> **WHAT YOU HAVE TO DO**
Begin at the line with "Renault Captur image 3" and output every line through the end of the records, exactly as given. Omit pictures.

Records excerpted from a collection
BEGIN

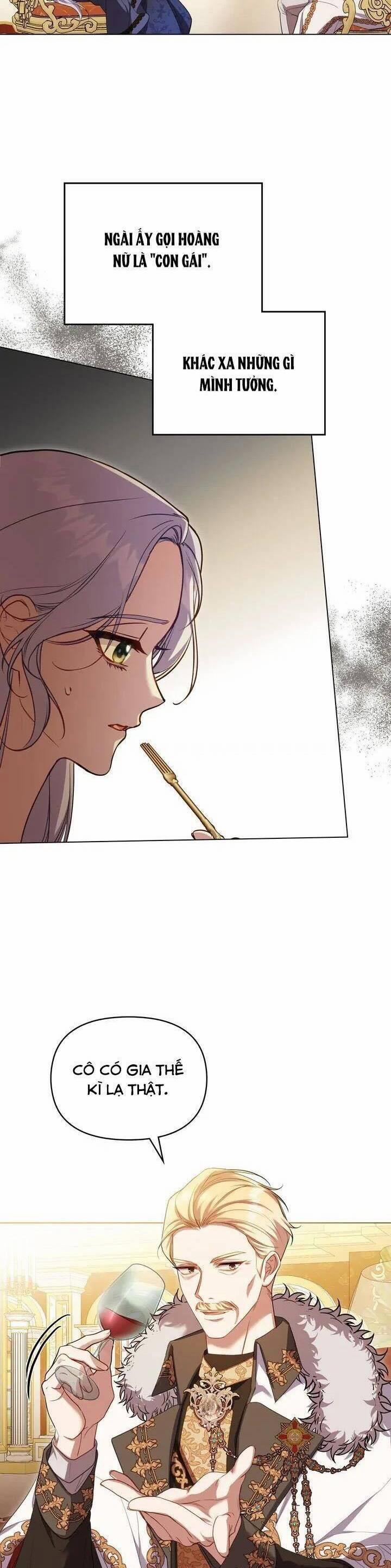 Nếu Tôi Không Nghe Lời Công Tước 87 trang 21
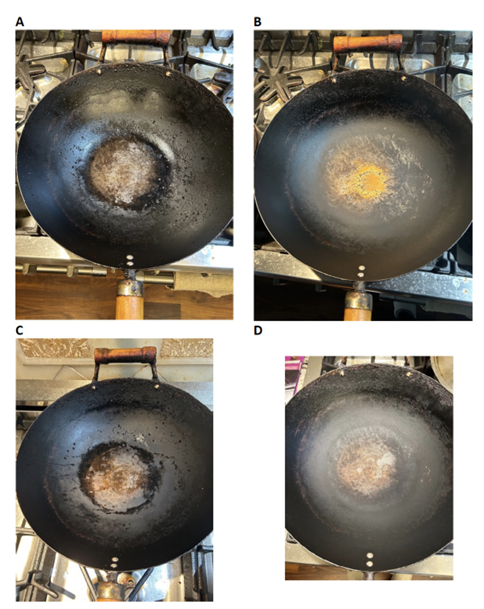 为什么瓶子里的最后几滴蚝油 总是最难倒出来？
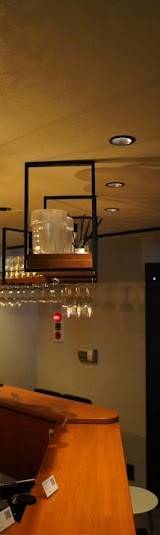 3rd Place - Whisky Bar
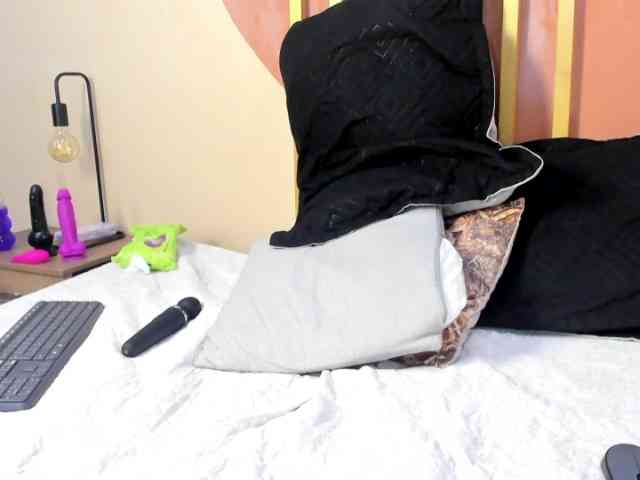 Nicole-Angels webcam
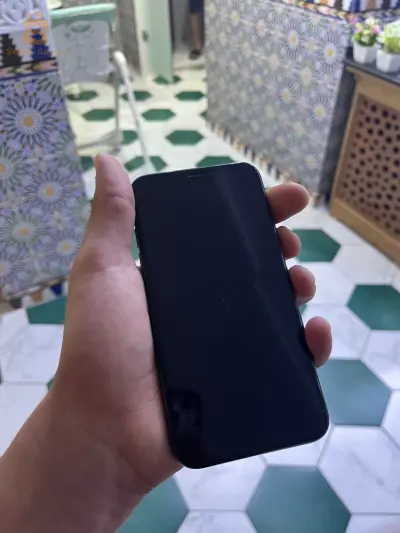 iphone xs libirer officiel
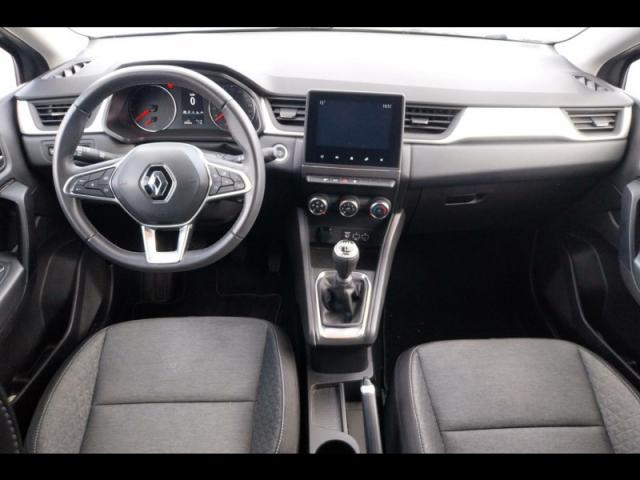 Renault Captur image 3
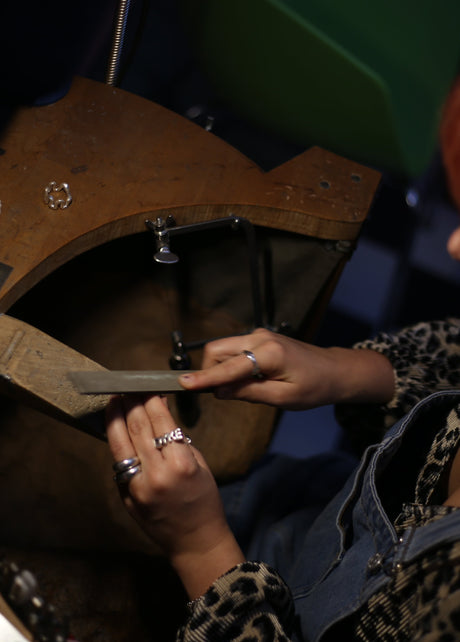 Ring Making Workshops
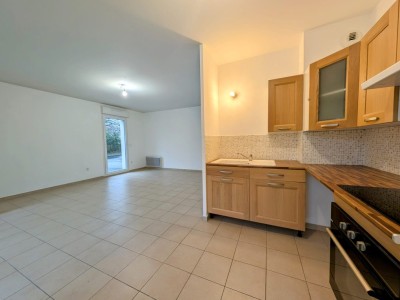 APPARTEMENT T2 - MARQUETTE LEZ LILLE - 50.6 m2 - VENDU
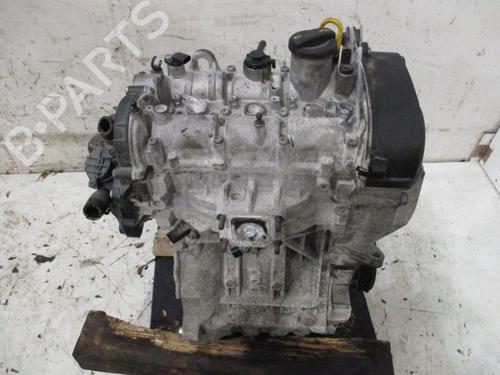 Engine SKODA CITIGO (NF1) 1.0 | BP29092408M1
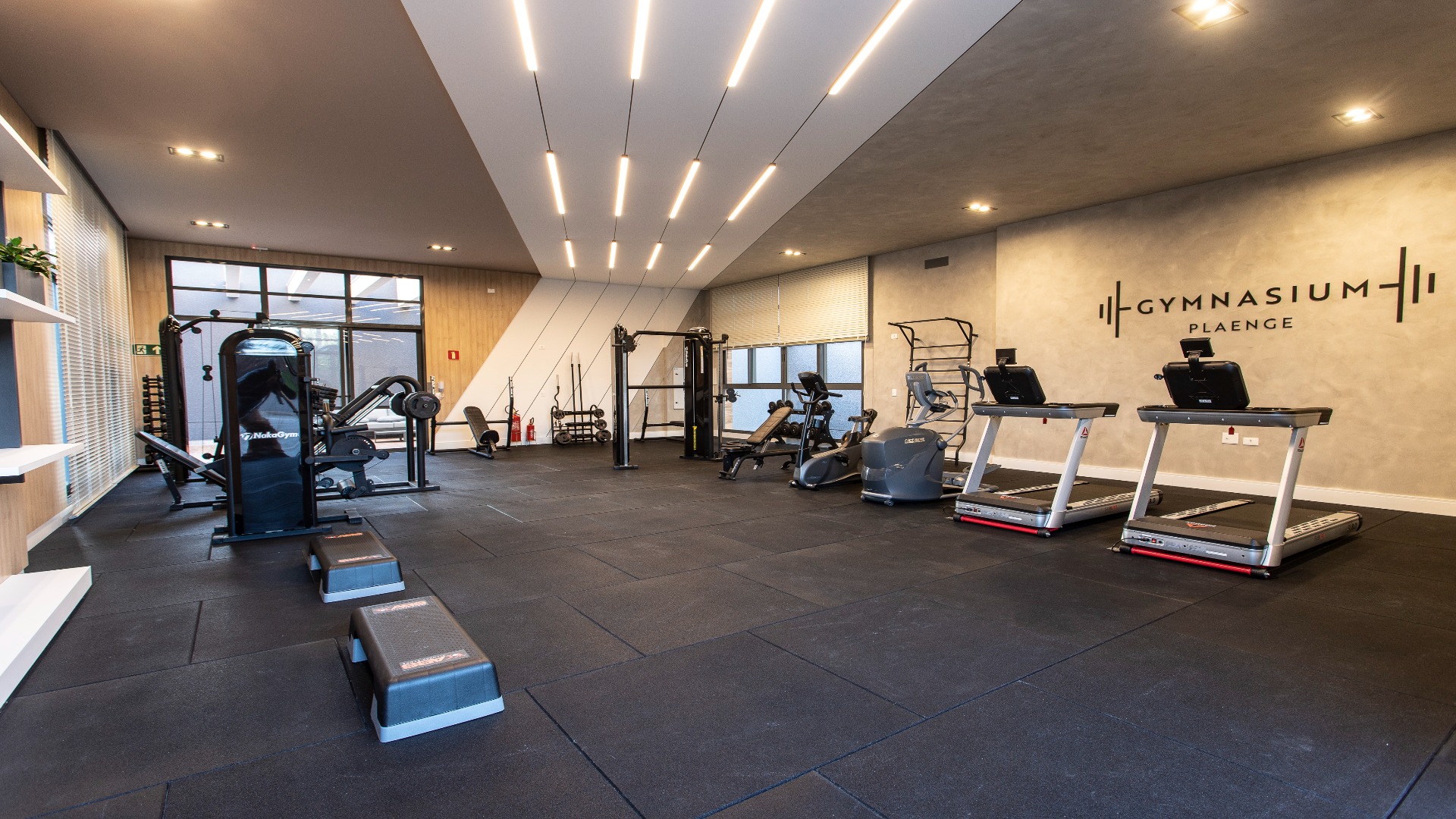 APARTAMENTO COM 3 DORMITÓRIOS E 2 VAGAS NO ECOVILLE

END

> **RESPONSE TO THIS EXERCISE**
 Renault Captur image 3
 Ring Making Workshops
 APPARTEMENT T2 - MARQUETTE LEZ LILLE - 50.6 m2 - VENDU
 Engine SKODA CITIGO (NF1) 1.0 | BP29092408M1
 APARTAMENTO COM 3 DORMITÓRIOS E 2 VAGAS NO ECOVILLE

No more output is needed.